Performance & Benchmarks
The repo’s docs/tech_report.md provides an in‑depth analysis, but key takeaways are:
- Latency – First chunk ~200 ms on an Apple M4; ~350 ms on Intel i7‑12700K.
- Speed – Generates 6× real‑time on the same CPUs.
- CPU Usage – Uses only 2 cores; memory stays under 2 GB.
- Model size – 100 M parameters – 30 MB disk, ~120 MB VRAM when loaded.

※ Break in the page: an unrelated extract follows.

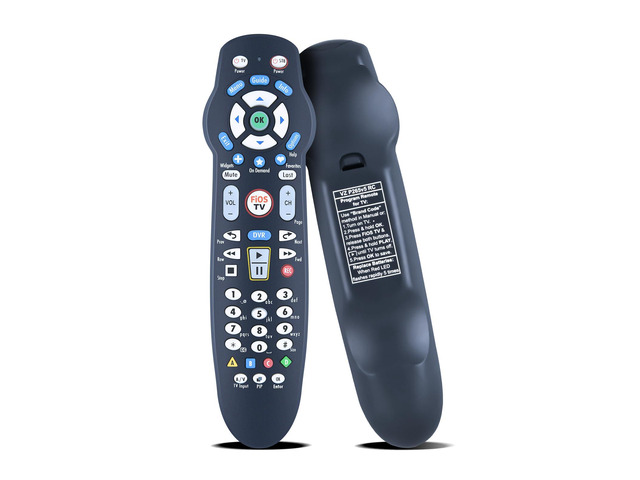 Universal Replacement Compatible with Verizon Fios VZ P265v4 P265v5 RC TV STB Remote Control, for RC1445302/00B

The audio streaming nature means you can start playback before synthesis completes, which is critical for interactive applications.
Extending & Contributing
Pocket‑TTS is open source under the MIT license. Contributions are welcome in several areas:
- New voices – Fork the model, adjust the
voice_catalog.md, and push a PR. - Multi‑language support – Port the current English checkpoint.
- Quantization – Add int8 or float16 variants for even smaller runtime.
- WebAssembly – Integrate the Rust Candle version to run in browsers.
Development guidelines:
- Run tests: pytest.
- Build docs: mkdocs build.
- CI uses uv to install dependencies.
For detailed instructions read CONTRIBUTING.md.
License & Usage Notes
Pocket‑TTS is released under the MIT license. Voice assets are subject to individual licenses (see voice_catalog.md).
Disclaimer – The repository explicitly prohibits misuse such as impersonation, disinformation, or abusive content. Always ensure lawful and ethical use.
TL;DR
Pocket‑TTS is a lightweight, CPU‑friendly TTS library that runs on any modern processor. Install, generate audio, or serve via HTTP in minutes. For developers looking for fast, open‑source TTS without GPU dependencies, Pocket‑TTS is an excellent choice.